(Entries taken from a collection)
****
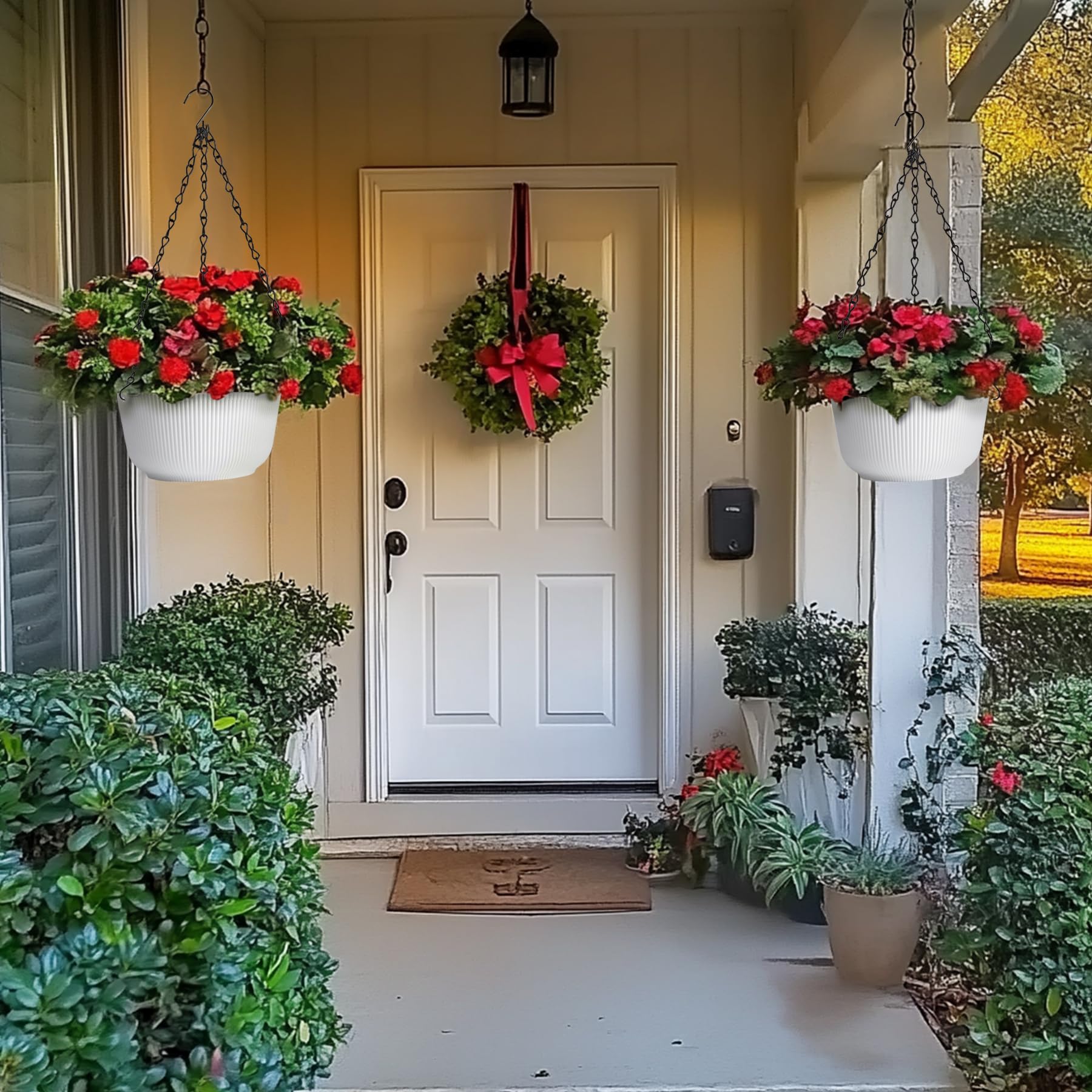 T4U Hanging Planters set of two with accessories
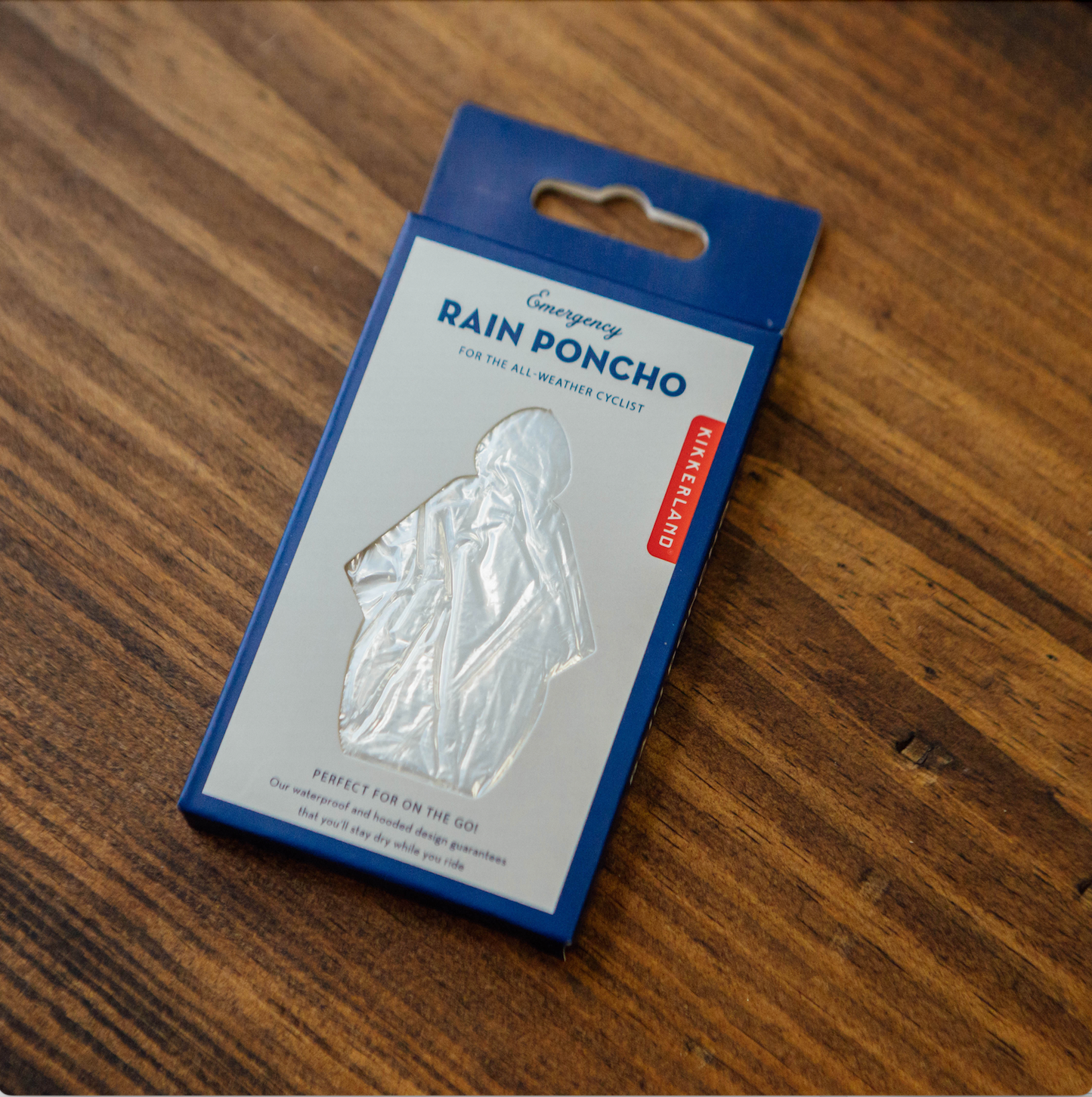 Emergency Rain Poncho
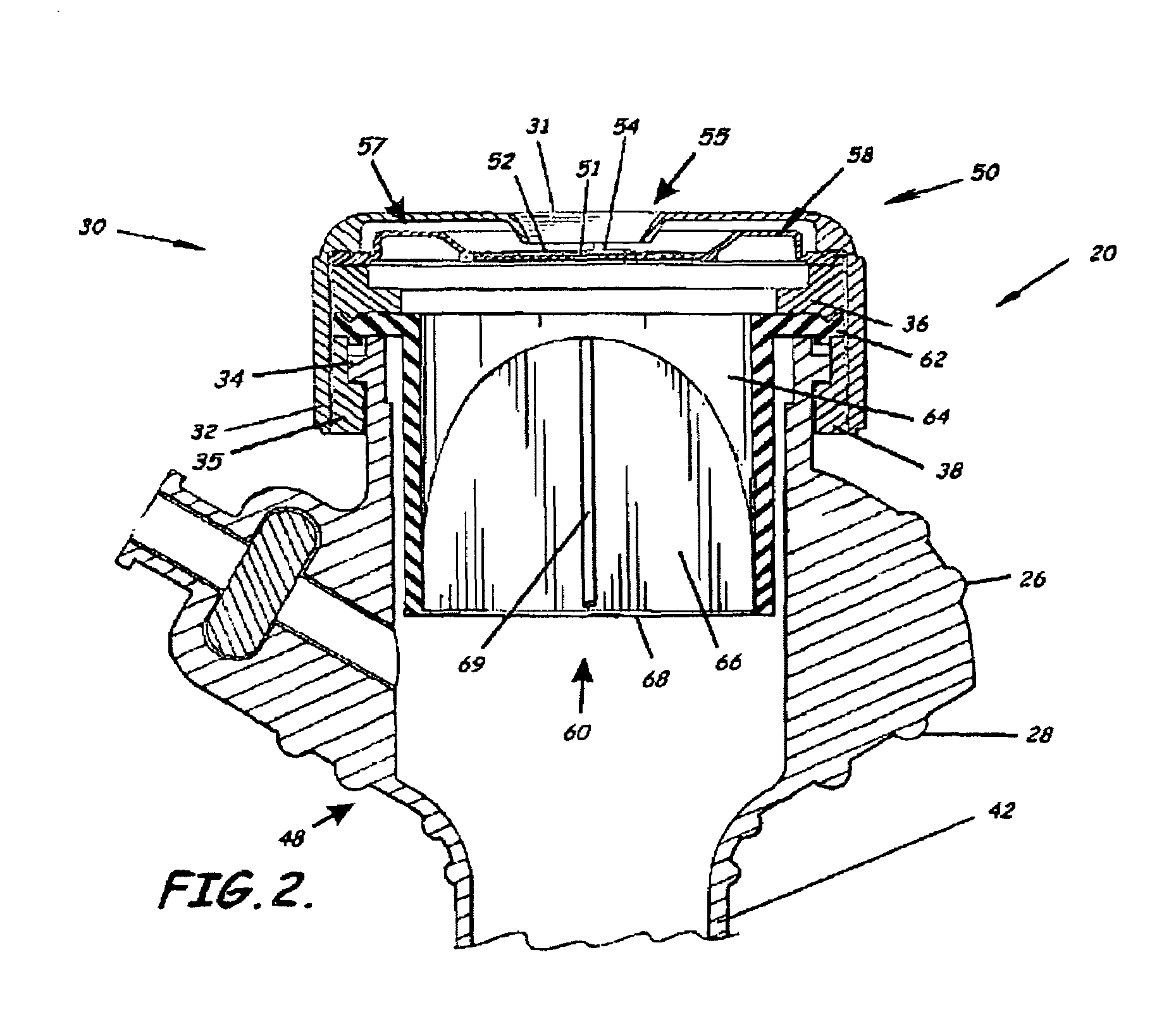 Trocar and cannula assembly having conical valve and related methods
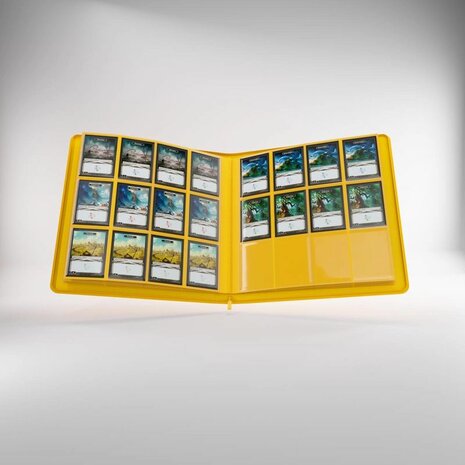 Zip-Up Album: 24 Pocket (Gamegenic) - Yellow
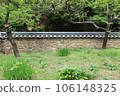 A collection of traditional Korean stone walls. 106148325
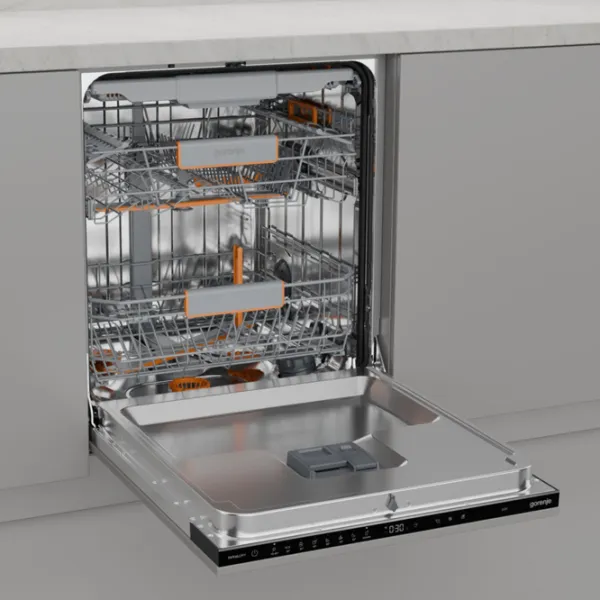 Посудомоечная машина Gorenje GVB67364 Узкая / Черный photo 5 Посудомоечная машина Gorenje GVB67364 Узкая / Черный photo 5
****
### Problem requirements:
Output every entry verbatim but skip the pictures.

### Output for this exercise:
 T4U Hanging Planters set of two with accessories
 Emergency Rain Poncho
 Trocar and cannula assembly having conical valve and related methods
 Zip-Up Album: 24 Pocket (Gamegenic) - Yellow
 A collection of traditional Korean stone walls. 106148325
 Посудомоечная машина Gorenje GVB67364 Узкая / Черный photo 5 Посудомоечная машина Gorenje GVB67364 Узкая / Черный photo 5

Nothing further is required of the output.